Thus when we execute a query using one of these columns as a filter-attribute, it will go to the zone maps first and cherry-pick only those extents containing the data we want, excluding all others. this means that the data on those other zone maps won't even see the light of day for the query-in-play. If we use an Organize, we can use a wider range of data types and be more deliberate with zone-map management.
Let's say we want to search-on the transaction-date on our fact table. If we have not physically organized the data, the same transaction-date value may appear across many hundreds or thousands of extents, affecting the high/low range of many zone maps. If however, we were to physically co-locate the records with common dates into tighter physical groups, the records will physically appear inside fewer zone maps. These are the extents/pages that the machine will cherry-pick for scanning and will completely scan each one. We want it to scan as few of these as possible.
In times past, we had three primary ways of doing this.
A brute-force sort, which is pretty egregious when the table gets very large.
A software program that separates the key's distinct values and executes a block-select from the original table to the new, selecting only once for each distinct value. This physically co-locates like-keys. (the data does not have to be sorted, only like-keys co-located)
A materialized view, which would manufacture a virtual zone map (which is why it's not allowed with the Organize)
Let's say that our table's data takes up 400 extents on each data slice. If our transaction-date appears in 300 of these (it is poorly organized) then when a query runs like so:
Select count(*) from mytable where transaction_date = '2014-01-01';
All 300 extents will be searched for this information. However if we Organize on this transaction-date and then groom - the data will be physically shuffled around to co-locate the records with the same transaction-date on as few extents as possible. Let's further say that once this happens, the given date appears in only one extent. What we have just done is optimized the table 300x. We have eliminated 299 other locations to look for data. This is important because scanning a 3MB extent is a lot of work. If we are scanning 299 additional extents for each dataslice, we're really doing a lot of extra work for nothing. If we translate this to a page-level problem, we may have 24x300 pages originally containing the keys. If with Organize we reduce this to a single page, we have further reduced our scanning load by another 96 percent of the extent containing the page.

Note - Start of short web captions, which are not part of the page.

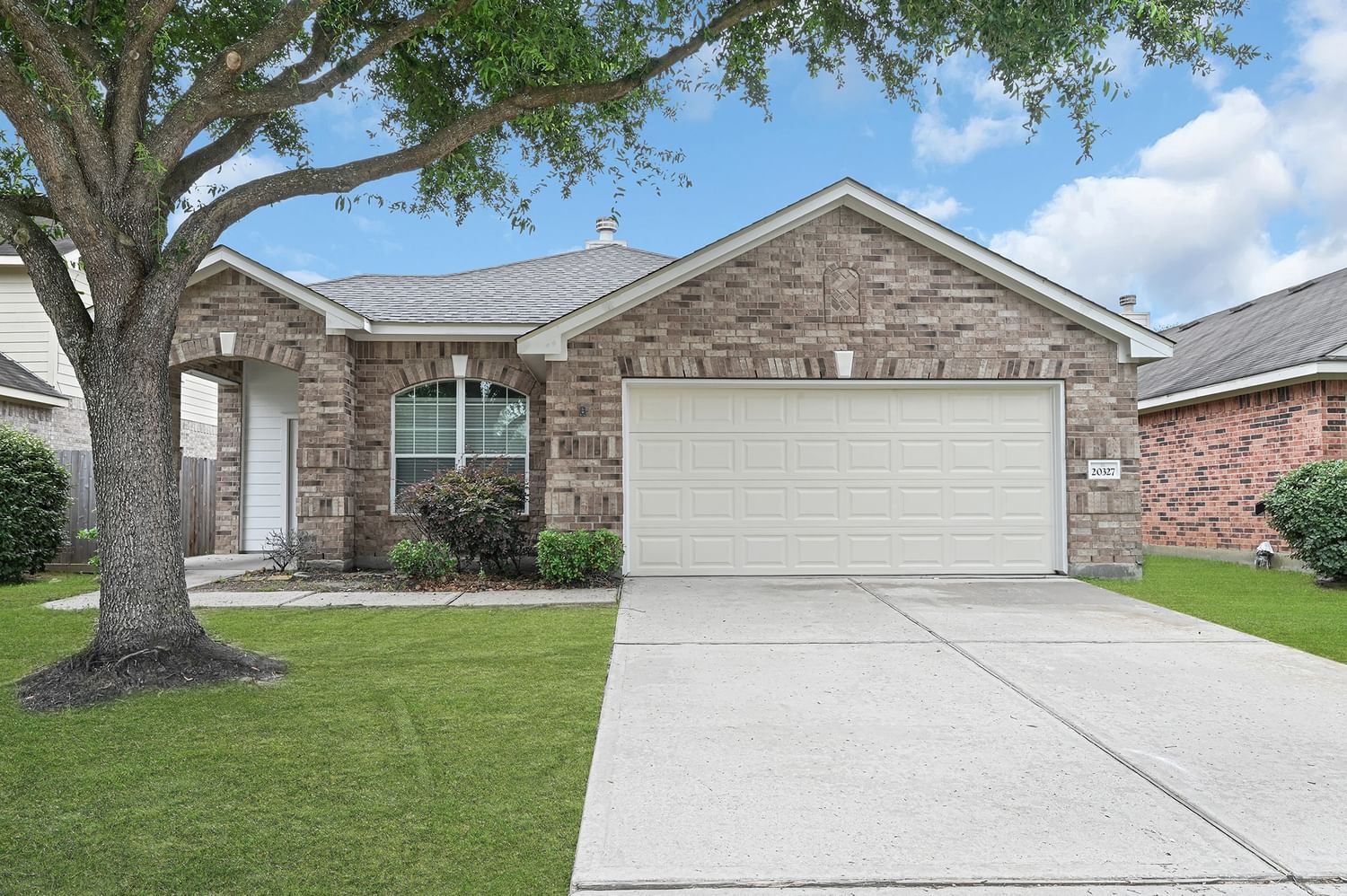 Real estate property located at 20327 Yosemite Falls, Harris, Willow Falls Sec 03, Tomball, TX, US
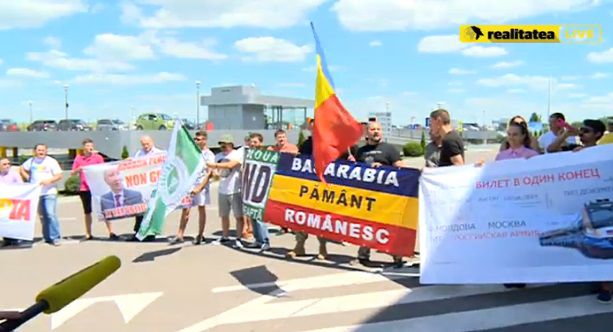 В аэропорту Рогозина встретил "Клуб студентов- либералов".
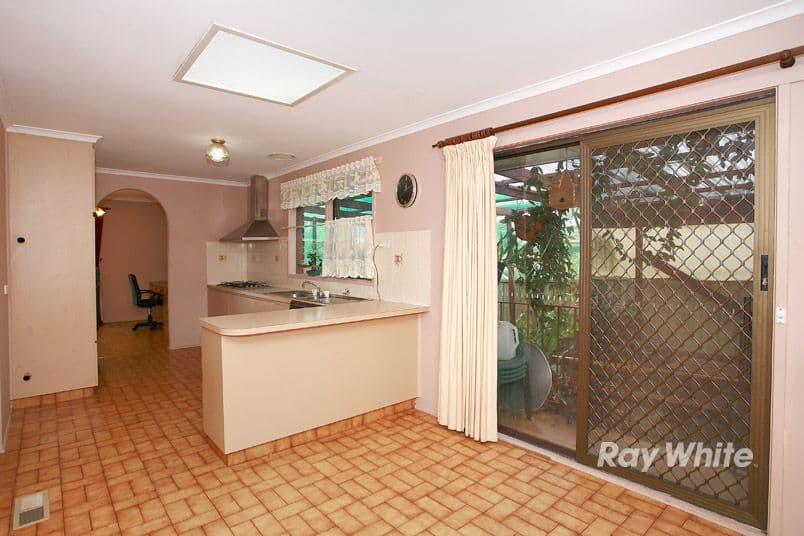 35 Prospect Hill Crescent, DANDENONG NORTH VIC 3175, Dandenong North - Thumbnail 3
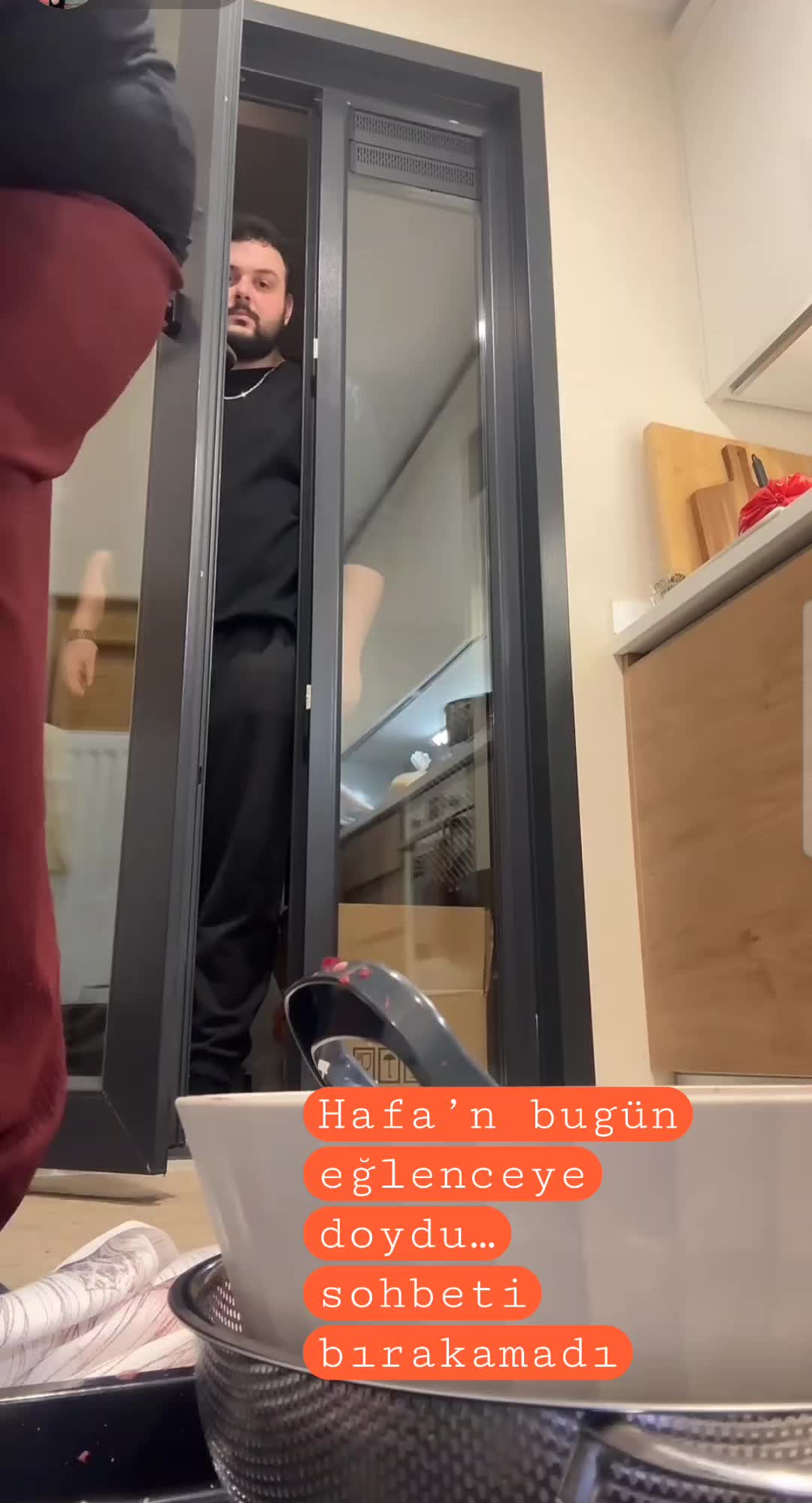 @Defne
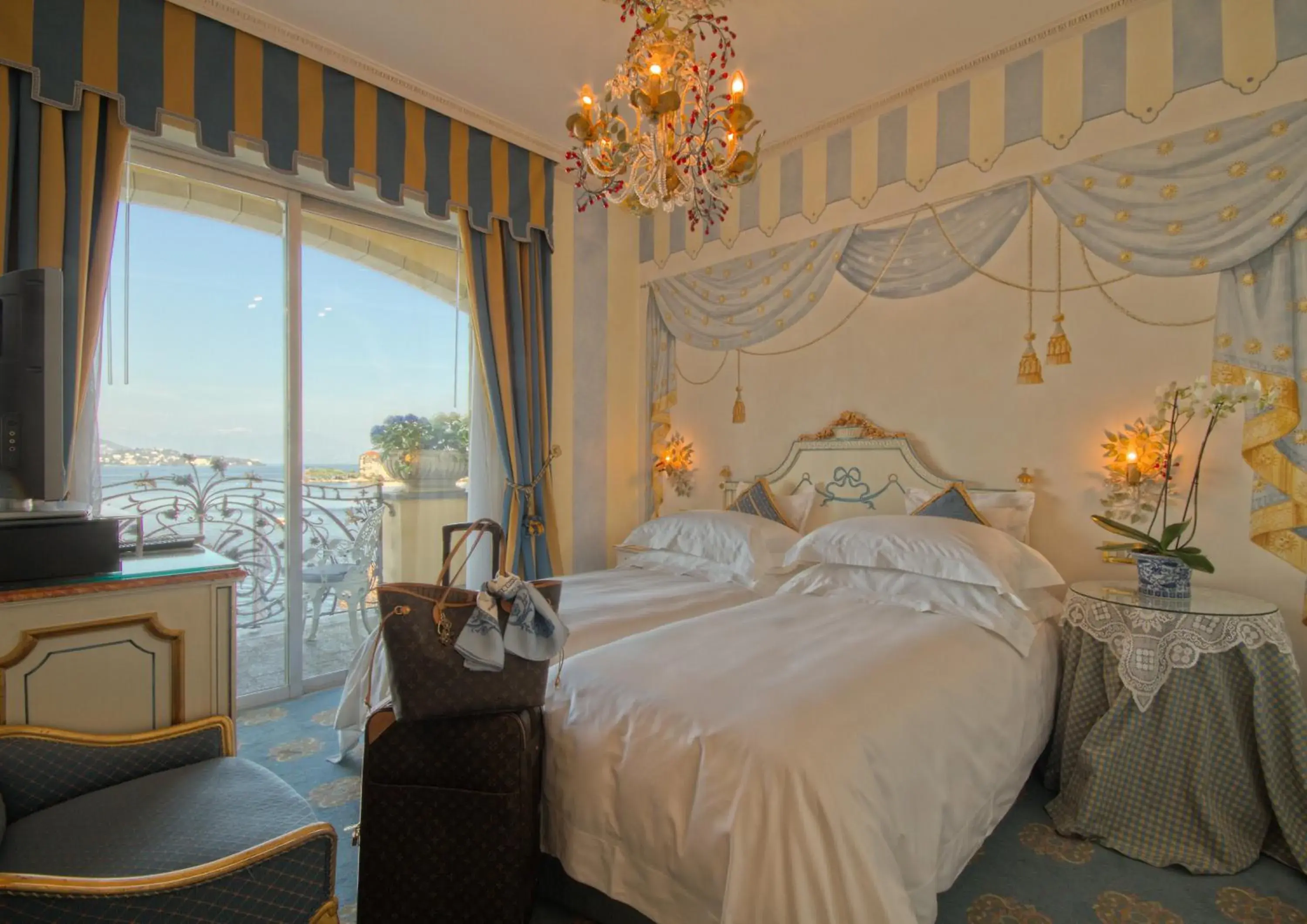 Deluxe Double Room with Lake View in Villa e Palazzo Aminta - A Leading Hotel of The World Deluxe Double Room with Lake View in Villa e Palazzo Aminta - A Leading Hotel of The World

The important factor in the example is the "out-in-the-open" value of "2014-01-01". It is a "filter attribute". It is not being joined to a table with this value, Doing it this way means that the FPGA/CPU will discover which zone maps have a high/low boundary that contains this value and will retrieve a candidate list of them, If there is only one as opposed to 300, we have radically reduced out workload. Netezza will literally exclude those extents from being examined at all. We have told the machine where-not-to-look. If we join this value however, such as using a time dimension, applying the date value to time dimensions and joining the time dimension to our fact table, we will require the system to fetch the record in order to examine it, at which time it will determine whether to keep it or toss it. this sort of thing can initiate a full table scan, nullifying the zone map entirely.

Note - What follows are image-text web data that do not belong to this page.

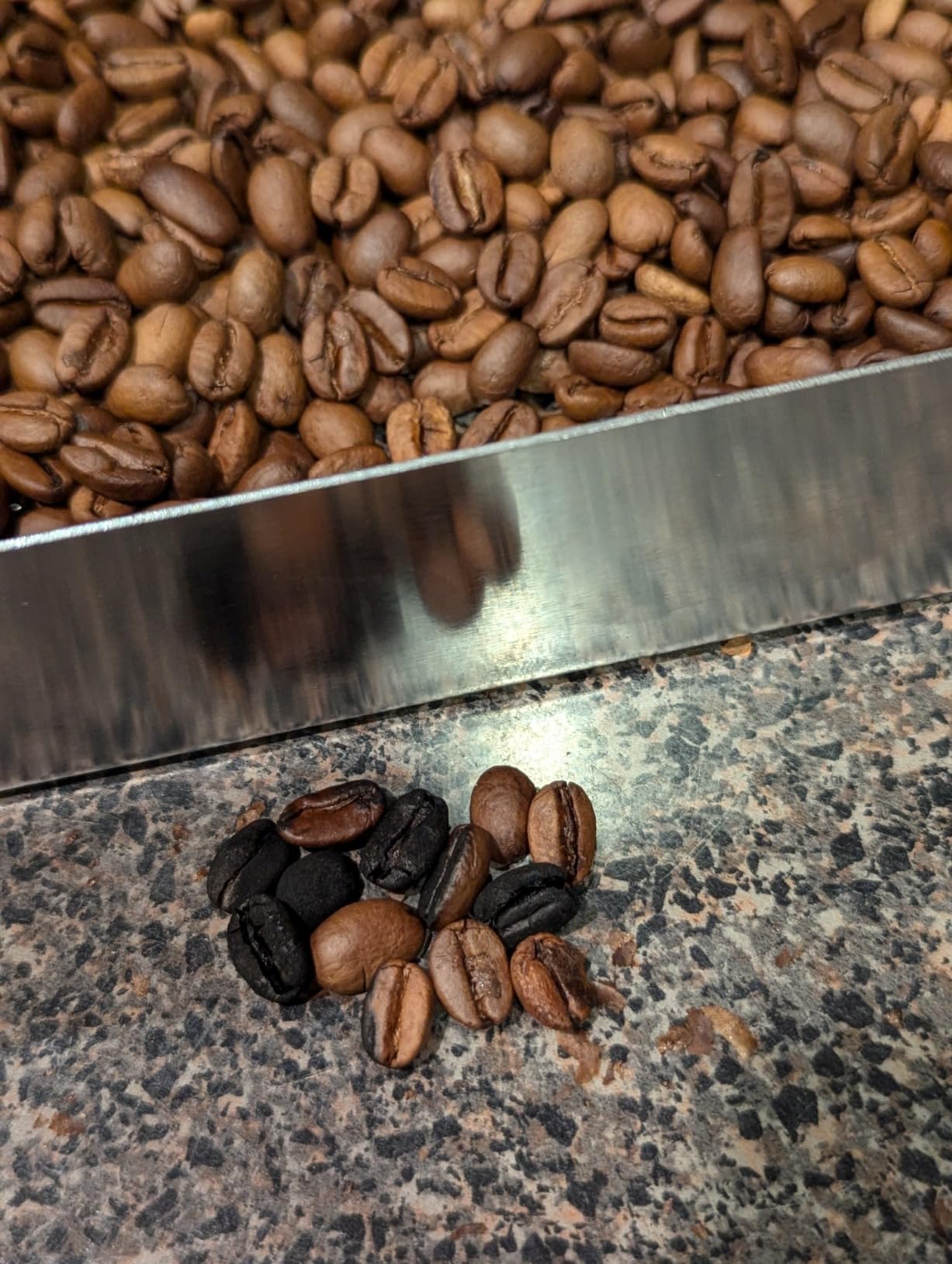 500g Automatic Coffee Roaster Machine for Home Use Wth Smoke Filter(Suitable for Light Roasting), The Smoke Pipes (Suitable for Medium and Dark Roasting) and Chaff Collector customer photo 2
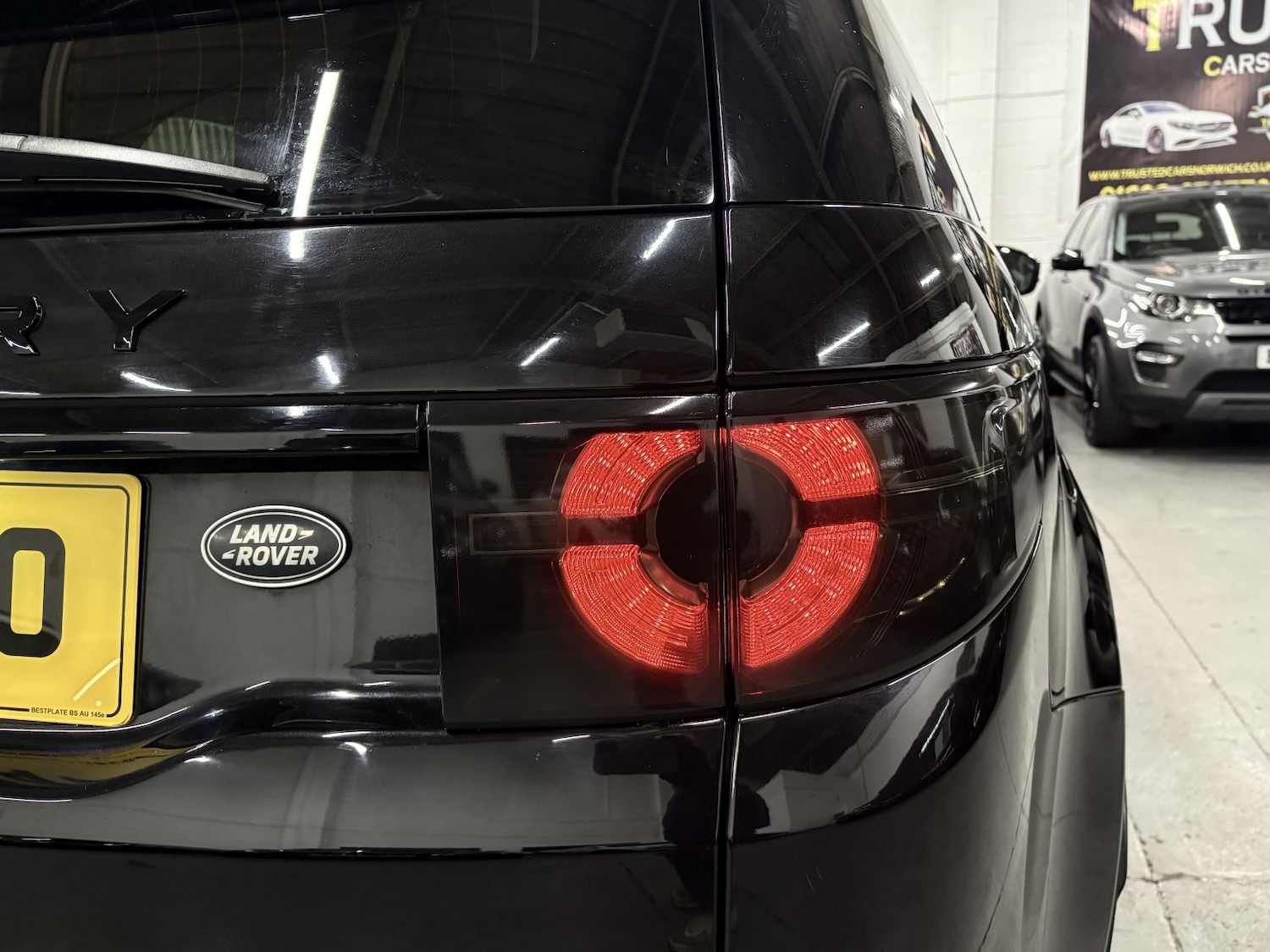 Used Land Rover Discovery Sport 2016 for sale - 77027914: Photo 32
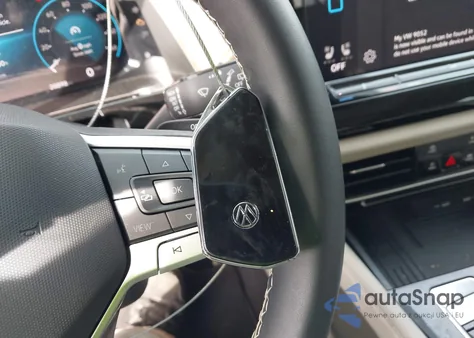 2025 Volkswagen Atlas 2.0T Se W/Technology from USA, damaged, VIN 1V2JR2CA7SC529052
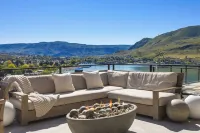 Scandinavi Inn Hotels in Chelan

We don't want this to happen. We want the data to stay on disk and never see the light of day if it's not participating in the query.
To show how dramatic this can be, we were at one site hosting over 100 billion rows in the primary fact table. A full scan of this table took 8 minutes (which is not too shabby in itself, just sayin' ). The reporting users knew that if a query ever exceeded a few minutes in duration, it was probably ignoring the zone maps. This is because once-Organized, this table would return the average query in sub-second response. Think about that,100 billion rows in sub-second response.
This is why paying attention to zone maps is such a big deal. Optimizing distribution can get us boost in the single-digits (2x, 3x etc) on a given query. Optimizing zone maps can get us 1000x boost and higher.
The Organize-On accepts one or more keys which will be applied to physically co-locate records of like-valued keys, then it will update the zone maps. Here is a test to see if we understand the application:
Take one of your largest tables. CTAS the table to another database, order by the distribution key, or by the hidden "rowid" column to make sure that the given filter key is not ordered. This could take a bit of time, of course. Then perform a query using one of your date parameters as in the example above, and time the query. Now perform an
Alter Table tabname organize on (date column name here).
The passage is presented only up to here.